Eight New Zealand writers told eight New Zealand stories and wove together a single narrative of the Māori/Pakeha relationship in New Zealand.
Here the audience browses New Zealand books during the interval.
Cathie Koa Dunsford – author of Kaitiakitanga talked about tangata whenua: the people and the land.
Joe Harawira – told the Māori legend of Rata. It is the story of a boy who grows up knowing it is his sacred duty to avenge his father’s death. For this he needs a waka, so he fells a tall tōtara, but in the morning when he returns to adze the tree, to his astonishment it is standing upright.
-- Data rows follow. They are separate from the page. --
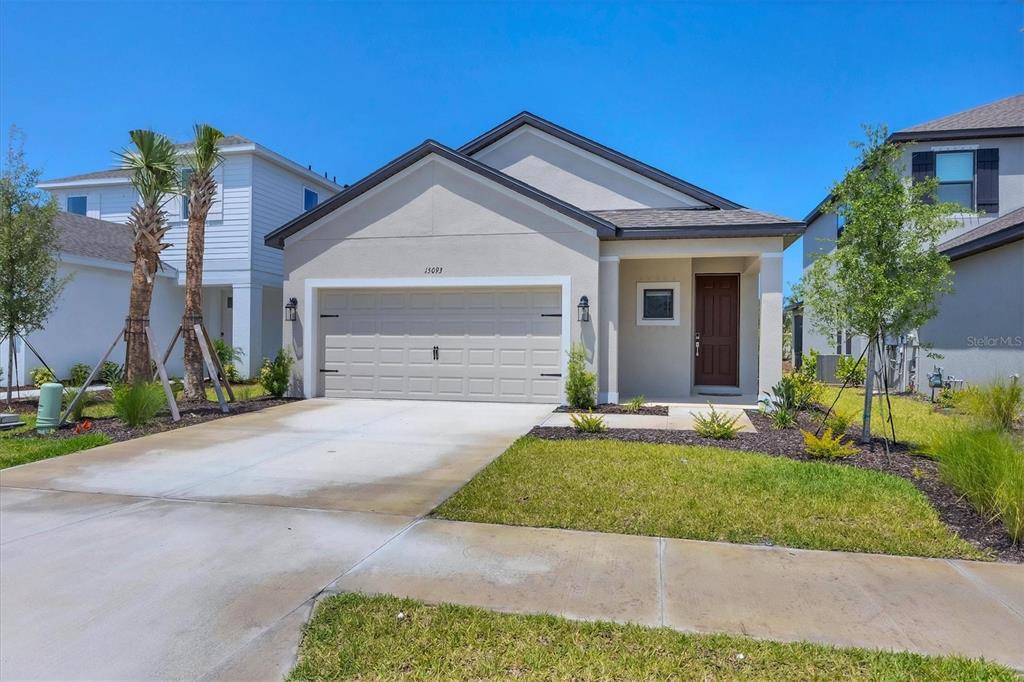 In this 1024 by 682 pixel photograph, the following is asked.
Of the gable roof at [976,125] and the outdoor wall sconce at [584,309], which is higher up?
the gable roof at [976,125]

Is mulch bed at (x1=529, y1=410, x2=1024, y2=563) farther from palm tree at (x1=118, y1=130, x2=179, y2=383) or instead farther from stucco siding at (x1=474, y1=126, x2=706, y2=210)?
palm tree at (x1=118, y1=130, x2=179, y2=383)

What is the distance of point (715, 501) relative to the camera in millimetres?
5406

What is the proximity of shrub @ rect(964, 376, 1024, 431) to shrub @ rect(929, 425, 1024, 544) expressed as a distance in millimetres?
3424

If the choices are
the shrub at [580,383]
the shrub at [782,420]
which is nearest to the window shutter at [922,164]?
the shrub at [782,420]

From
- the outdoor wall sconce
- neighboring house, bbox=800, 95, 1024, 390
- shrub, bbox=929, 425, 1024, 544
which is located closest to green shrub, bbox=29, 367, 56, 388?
the outdoor wall sconce

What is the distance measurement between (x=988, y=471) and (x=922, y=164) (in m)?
14.1

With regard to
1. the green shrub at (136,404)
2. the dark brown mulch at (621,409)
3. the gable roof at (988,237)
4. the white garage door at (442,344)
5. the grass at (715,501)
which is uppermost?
the gable roof at (988,237)

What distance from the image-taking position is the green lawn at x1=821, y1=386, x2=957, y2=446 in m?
8.33

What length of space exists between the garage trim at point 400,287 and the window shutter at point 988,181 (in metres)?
12.1

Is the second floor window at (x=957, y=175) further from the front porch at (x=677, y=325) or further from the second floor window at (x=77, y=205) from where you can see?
the second floor window at (x=77, y=205)

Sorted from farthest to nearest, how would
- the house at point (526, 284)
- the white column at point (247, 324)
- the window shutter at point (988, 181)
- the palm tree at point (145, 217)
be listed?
1. the white column at point (247, 324)
2. the window shutter at point (988, 181)
3. the house at point (526, 284)
4. the palm tree at point (145, 217)

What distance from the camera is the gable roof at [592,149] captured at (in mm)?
13117

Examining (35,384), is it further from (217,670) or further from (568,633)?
(568,633)

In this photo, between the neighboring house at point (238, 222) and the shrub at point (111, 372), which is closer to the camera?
the shrub at point (111, 372)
Realising he is being tricked he hides to see who is playing the trick. It is the insects of the forest, who reproach him for not following the right protocol and ritual. Shamed he corrects things, performing the proper rituals and when he comes back in the morning the creatures of the forest have carved a beautiful waka for him.
Hamish Clayton – author of Wulf, is from Havelock North in Hawkes Bay, where the Māori legend of the sleeping giant Te Mata originates, a story Clayton grew up with. Clayton shared how growing up in a land rich with legend influences his stories and how he was able to write Wulf, a Māori story by 3rd party and 4th party telling.
James Belich is the author of The New Zealand Wars, which is the major revisionist account of historical conflict between Māori and Pakeha. He also talked about globalisation and the settlers of the Pacific. Here he is before the event began.
Peter Walker – author of The Fox Boy, told the story of William Fox Junior and Sir William Fox Senior – a story of family and conflict, and therefore great drama.
Witi Ihimaera – read from his book Whale Rider and spoke about the story as book and film, and would you believe, Whale Rider the musical?
Alan Duff – author of Once Were Warriors, a story of family and violence, told the story of his own violent and conflicted childhood. Perhaps part of the healing of his life experience has been the success of his 'Duffy Books in Homes' scheme that has seen over 10 million books into homes.
Paula Morris – author of Rangatira told the story of Te Manu, the central character in her book. Te Manu's story is one that is woven around Māori New Zealand, settler New Zealand and Māori abroad, and his experiences highlight the similarities and differences between our cultures. Paula sits here between Tanea Heke, our Project Director and Knut Elstermann who moderated the evening together.